(WORK REQUIRED)
In the entries below, begin at the line that has "Porta-copo Campo de" and stop after the line that has "14K Gold Mobius"; output those lines exactly, leaving out pictures.

(SUPPLIED DATA)
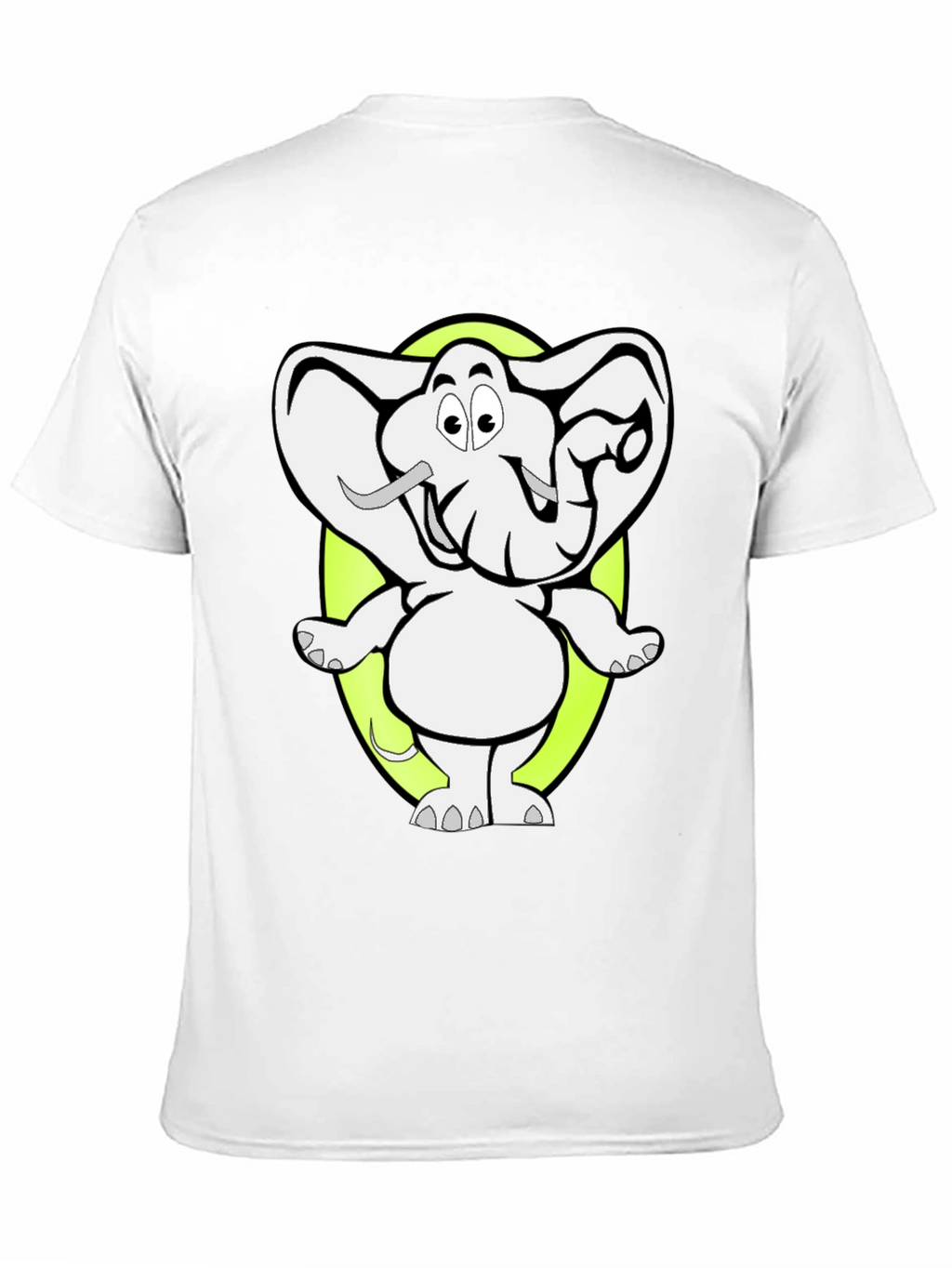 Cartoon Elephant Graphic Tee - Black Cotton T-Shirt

* * *

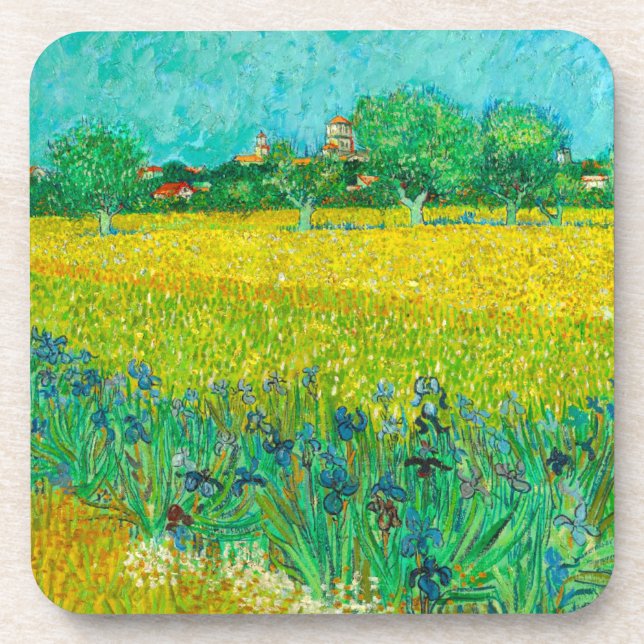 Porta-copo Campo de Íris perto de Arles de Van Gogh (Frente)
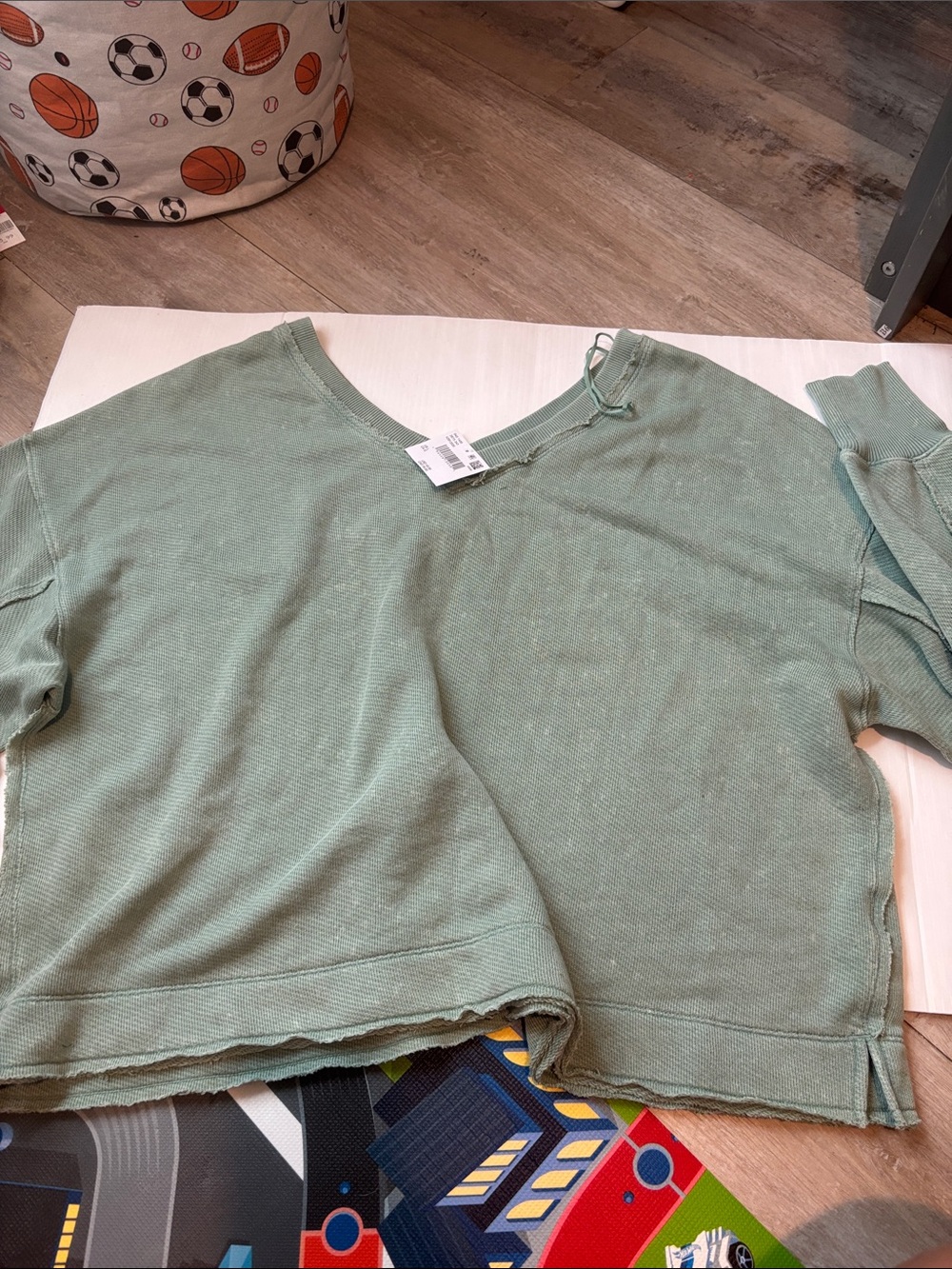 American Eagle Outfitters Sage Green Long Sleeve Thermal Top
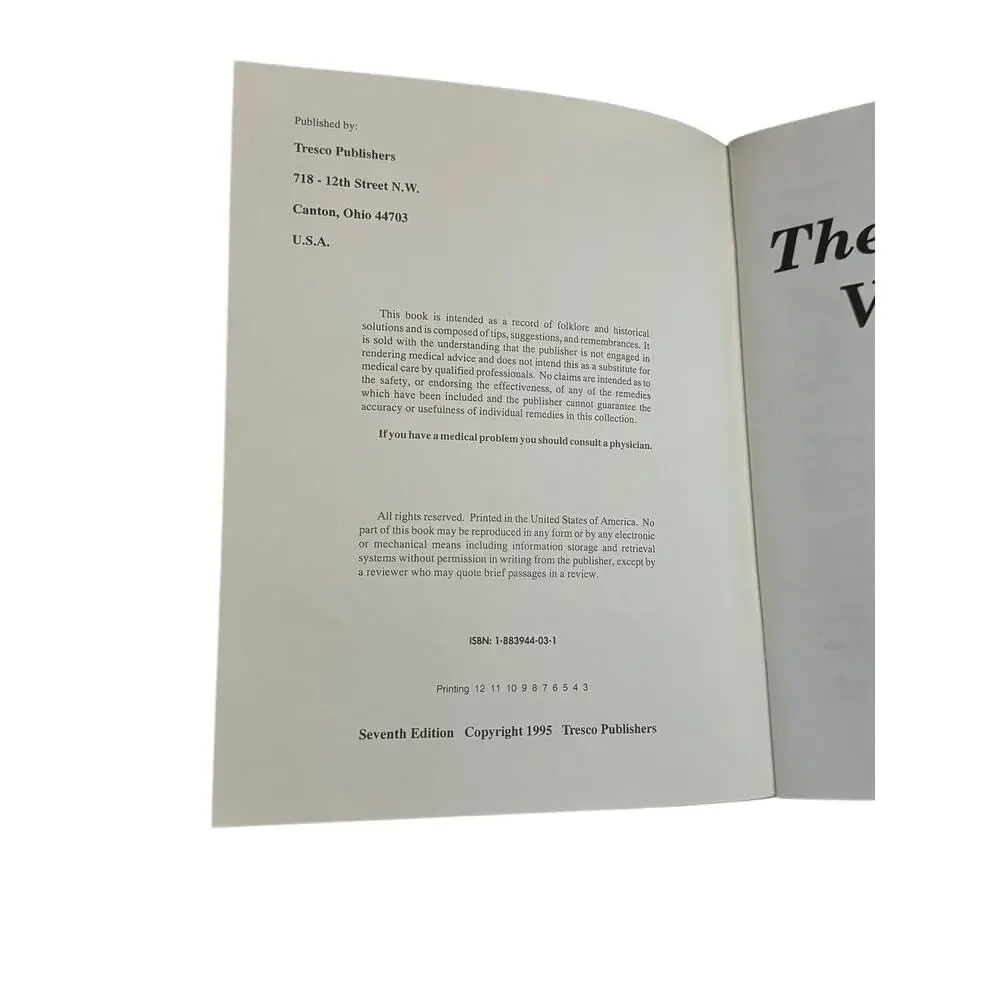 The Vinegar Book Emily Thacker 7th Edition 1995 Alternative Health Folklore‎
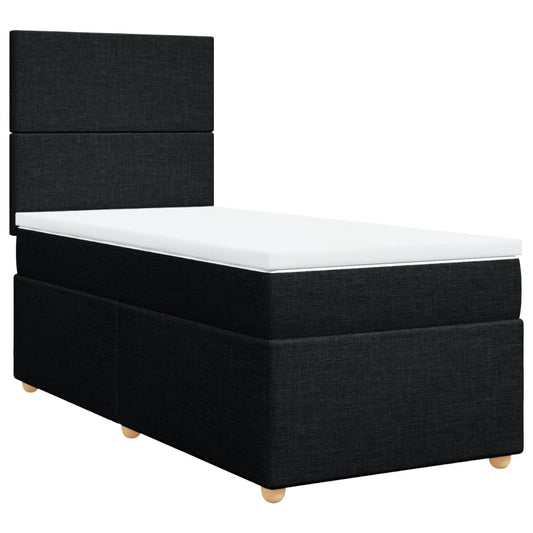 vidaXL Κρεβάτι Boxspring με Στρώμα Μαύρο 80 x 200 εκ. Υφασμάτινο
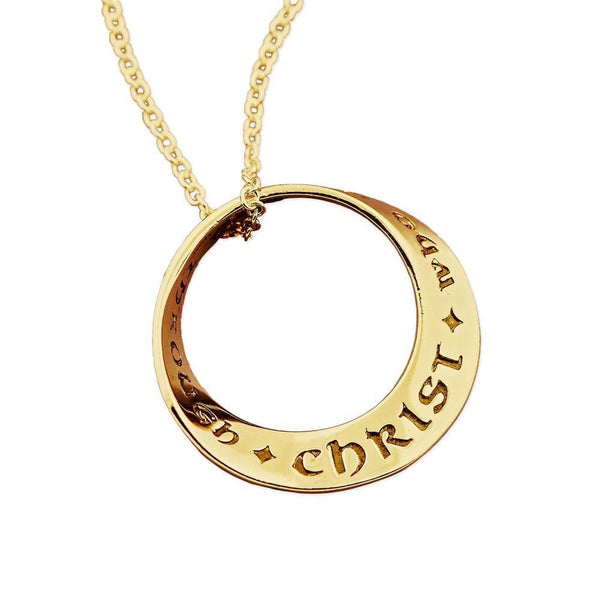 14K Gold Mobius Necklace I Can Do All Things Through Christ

(REPLY TO THE EXERCISE)
 Porta-copo Campo de Íris perto de Arles de Van Gogh (Frente)
 American Eagle Outfitters Sage Green Long Sleeve Thermal Top
 The Vinegar Book Emily Thacker 7th Edition 1995 Alternative Health Folklore‎
 vidaXL Κρεβάτι Boxspring με Στρώμα Μαύρο 80 x 200 εκ. Υφασμάτινο
 14K Gold Mobius Necklace I Can Do All Things Through Christ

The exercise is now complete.